Frock is a little experimental tool for writing PHP scripts using Clojure-like LISP syntax.

If you want to see what the code looks like, here's an example which fetches and lists top news items from the Hacker News API.

Some Frock code

Frock could be interesting to you if you are LISP or Clojure programmer writing a web application which is mostly front-end code, but which needs some small amount of server side logic for e.g. proxying, authentication, data persistence etc. and you want this application to be easily deployable by semi-technical users on commodity hosting.

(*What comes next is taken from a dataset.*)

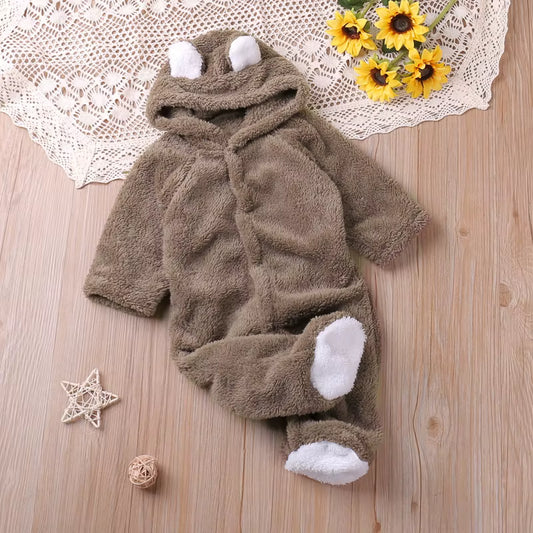 Baby Hooded Bear-Ear Plush Romper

Basically if your target audience is graphic designers, you like Clojure, and your backend requirements are slim, then you might be interested.

Why?

Pythagoras says no to Fava beans

PHP is an old server-side web development language which is simultaneously loathed by software developers everywhere, and also wildly popular and widely deployed. To reconcile this paradox let's take a look at some pros and cons of PHP.

Cons:

  • Ugly language semantics & features.
  • Dubious security record.
  • Much awful legacy code lying around.

Pros:

  • User-friendly app deployments (simply copy files to server).
  • Widely available on internet servers.
  • Mature language and ecosystem.
  • Excellent documentation.
  • Much useful tech bundled ("batteries included").

The pros make PHP quite democratic. It's very easy to install PHP code on widely available, cheap, commodity hosting. It's easy to get started writing PHP applications; the PHP binary comes pre-installed on OSX for example. PHP contains a lot of capabilities by default: zipping files, opening sockets, encryption, command execution.

Frock exists to make the language semantics and features less of a con for brace wrangling LISP heads, whilst retaining the wide deployment surface and other democratic features of PHP.